You are viewing a plain text version of this content. The canonical link for it is here.
Posted to user@hbase.apache.org by Micah Whitacre <mk...@gmail.com> on 2011/10/04 18:20:20 UTC

Allowed upper limit to HColumnDescriptor.setMaxVersion(..)?

In reading the documentation all I've seen suggestions on how to set
the value and the default value.  However I haven't seen any
indication how to set the value to "i don't care store them all" or if
there is a maximum bounds aside from Integer.MAX_VALUE.  Does anyone
know?

Thanks,
Micah

[1] - http://hbase.apache.org/apidocs/org/apache/hadoop/hbase/HColumnDescriptor.html#setMaxVersions(int)

Re: Allowed upper limit to HColumnDescriptor.setMaxVersion(..)?

Posted by "Brush,Ryan" <RB...@CERNER.COM>.
No, if you have only 10 versions of a cell there is no additional overhead
to the maxVersion being 20 or 10,000. There shouldn't be a penalty for
setting max versions arbitrarily large as long as your number of actual,
physical versions of a row is less than that.

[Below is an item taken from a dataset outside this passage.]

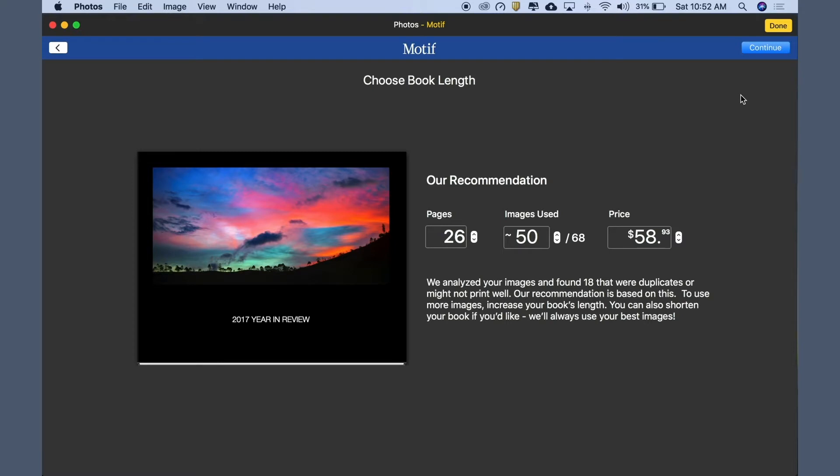Based on this analysis, we make a recommendation, which you can see here. To accept our recommendation, simply click Continue.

Max versions on the column family is used during compactions to restrict
the number of copies carried forward during the compaction.  So if your
value is greater than the number of actual versions, the behavior is
unchanged no matter how big it is.  Similarly with get or scan operations,
if the value you request is much larger than the actual values, it has no
additional overhead.

Of course, if your number of actual versions exceeds some maxVersion
value, that has the semantics you'd expect. But if you really want to keep
all versions, there is no cost to setting the value arbitrarily high.

(There is a catch in that a single row can never span beyond a single
region, so if you have a _lot_ of versions in a row this could have
implications, but this same issue applies if you have a single "wide" row
with a huge amount of data in the columns.)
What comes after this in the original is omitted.